The problem is timing. TSMC's first Arizona fab is already producing 4nm chips for Apple and NVIDIA. The second fab targets 2027 production, ahead of schedule. But full buildout across all six planned fabs, plus packaging and testing capacity, stretches to 2029 and beyond. And there are still no dominant US players in downstream assembly, testing, or packaging. The supply chain being taxed today won't have a complete domestic replacement for three more years.
So the tariff protects a domestic industry that doesn't exist at scale yet. The cost falls on companies buying chips today. The benefit accrues to fabs that aren't operational until late decade.

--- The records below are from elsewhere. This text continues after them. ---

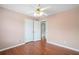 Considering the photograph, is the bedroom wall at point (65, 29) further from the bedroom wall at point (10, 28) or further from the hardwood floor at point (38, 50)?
the bedroom wall at point (10, 28)

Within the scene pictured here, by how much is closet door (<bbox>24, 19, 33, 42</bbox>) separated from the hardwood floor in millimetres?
110

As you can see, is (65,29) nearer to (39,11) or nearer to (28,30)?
(39,11)

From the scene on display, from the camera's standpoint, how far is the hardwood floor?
1.92 metres

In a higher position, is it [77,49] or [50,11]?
[50,11]

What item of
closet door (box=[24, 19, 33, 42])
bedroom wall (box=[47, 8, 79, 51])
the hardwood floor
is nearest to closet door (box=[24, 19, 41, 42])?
closet door (box=[24, 19, 33, 42])

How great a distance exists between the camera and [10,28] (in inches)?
76.1

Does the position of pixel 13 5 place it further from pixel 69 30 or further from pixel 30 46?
pixel 69 30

Phase 2: The Report on the President's Desk
On April 14, 2026, Commerce delivered its Phase 2 report recommending broader tariffs on all semiconductors and manufacturing equipment at rates described as significant. This could expand well beyond advanced AI chips to cover memory, analog, and commodity semiconductors.
Phase 2 also proposes a tariff offset program for companies investing in US semiconductor production. If you're building fabs in America, your import costs go down. If you're just buying chips to train models, they don't.

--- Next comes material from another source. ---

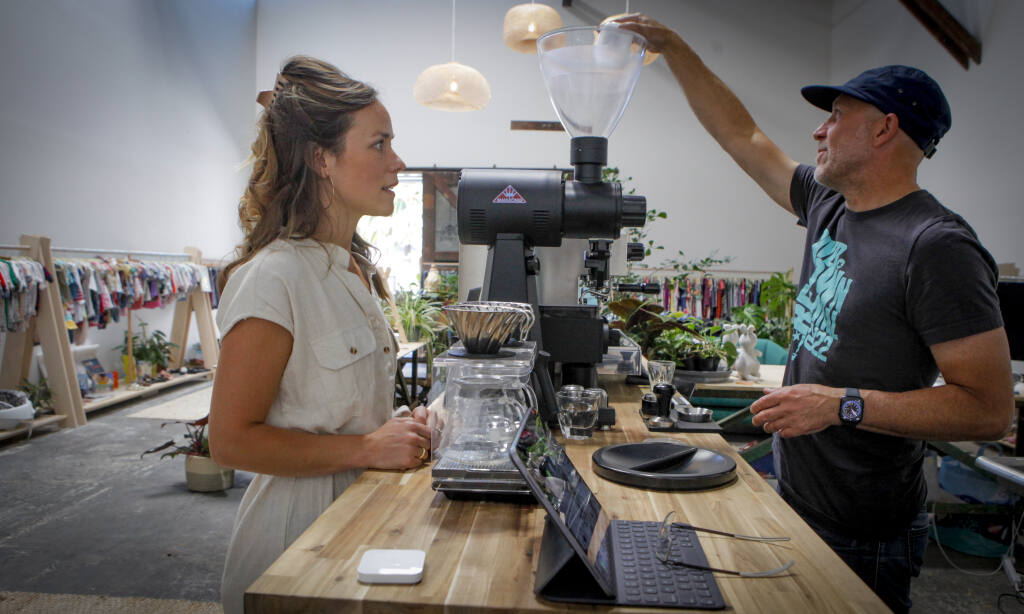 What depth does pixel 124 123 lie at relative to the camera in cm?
619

For context: the US-EU deal caps semiconductor tariffs at 15% for EU imports. Taiwan, South Korea, and Japan are still negotiating. The July 1 review will determine whether Phase 1 rates get modified based on those outcomes. Memory prices are already surging 30-50% quarterly through the first half of 2026, independent of tariff effects. Phase 2 arriving on top of that would compound an already expensive year for anyone buying compute.
Training Economics: The Narrowing Window
Frontier model training costs have been on an exponential curve since 2017. From roughly $1K for early transformer work to $200M for GPT-4 class models. DeepSeek V3 at $5.6M represents the floor for meaningful frontier research. A 25% hardware cost increase on that curve doesn't stop the largest labs. It stops the next ten that might have tried.
The annual growth rate in training costs runs 2-3x. Every year, the minimum viable budget for frontier work climbs. The tariff adds a percentage on top of a number that's already doubling. For a well-funded lab spending $200M, a 25% hardware premium means $50M more. For a startup that scraped together $8M, it means the project doesn't happen.
What This Looks Like in 18 Months
The consolidation pattern is already visible. Startups migrate to cloud, giving hyperscalers more revenue and more data about what workloads matter. Mid-tier companies negotiate harder on cloud pricing and explore overseas capacity. Hyperscalers absorb the tariff through their exemptions, pass cost through to cloud customers, and collect both the infrastructure advantage and the margin.
By the time domestic production arrives at scale in 2029, the market structure will reflect three years of tariff-driven consolidation. The companies that survived will be the ones with either enough capital to absorb the premium or enough cloud dependency that the hyperscaler absorbed it for them.
The tariff didn't create this dynamic. The $660-690B capex gap between Big Tech and everyone else was already staggering. But trade policy is supposed to strengthen the domestic industry, not accelerate its consolidation. A 100MW exemption floor in an industry where 95% of participants operate below that threshold does one thing well: it sorts.
And the sorting has already started.